09/02/2017

Ensaio - parte 3 -
















Verónica aproveitou a manhã e foi até ao mercado da fruta nas Caldas da Rainha. Já não o fazia a algum tempo. Gostava de regalar os olhos pelo colorido das frutas, das hortícolas. E o pão, que cheirinho, acabado de cozer na última madrugada. As vendedoras cheiravam a campo, esse campo que não conseguimos plantar no hipermercado, onde tudo está alinhado. Parecem batalhões de militares prontos para uma guerra de consumidores fanáticos e sedentos de consumo. Quando se preparava para pegar numas laranjas, aparece-lhe a tocar o ombro uma amiga recente que conhecera através de Ramon. Era a Alice. Já não a via a algum tempo. Tivera refugiada em Coimbra durante uns tempos, e acabara de chegar e ali estava para se abastecer dos produtos frescos para a casa. Soubera da morte mas não pudera estar presente por via de uma consulta pós-operatório a uma catarata na vista esquerda. Estava tudo bem, menos a dor que sentiu quando um amigo em comum, o Jonas lhe comunicou pelo Facebook da morte do amigo. Mas fazia questão de ainda naquele dia ir depositar uma coroa de flores na campa.  Alice era dirigente de uma Associação Espiritualista no Cadaval, que o Ramon frequentava. Até dera algumas palestras, mas depois afastou-se, porque um dos dirigentes da Direcção da Associação lhe disse que as palestras não se enquadravam no tipo de filosofia que ali era defendida.
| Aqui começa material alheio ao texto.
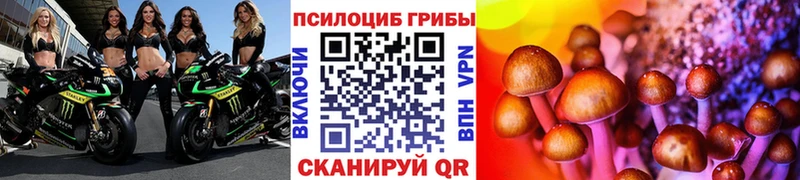 где купить   Феодосия  Галлюциногенные грибы Psilocybe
Para além disso ele dava formação de Reiki e Yoga em Óbidos. Era questionável, mas o que tinha a ver com essas múltiplas disciplinas que só engrandecem o espírito e fortalecem o corpo humano. O que uns não querem outros, desabafou a Alice, porque achara que esse afastamento era injusto e até o declarou aos restantes membros da Direcção de que também fazia parte. Ramon era um exemplo de um ser humano de excelência onde a bondade era o expoente do seu relacionamento com os outros. Ele era o porto onde muitos ancoraram, não pedia nada em troca, apenas respeito e simplicidade. Lembrava-se que uma vez num retiro espiritual na sua casa junto á Lagoa de Óbidos, sentiu a presença do seu filho, Edgar  que falecera cinco anos antes num acidente de bicicleta. Era comum sonhar com o Edgar. Mas naquele dia foi maravilhoso, sentiu o abraço envolvente, que só mãe sabe caracterizar. Foi uma experiência maravilhosa, que guarda até aos confins da eternidade. Ramon uma vez disse-me que o Edgar estava agora noutro plano preparando-se para descer à Terra numa aldeia muito pobre na Índia… 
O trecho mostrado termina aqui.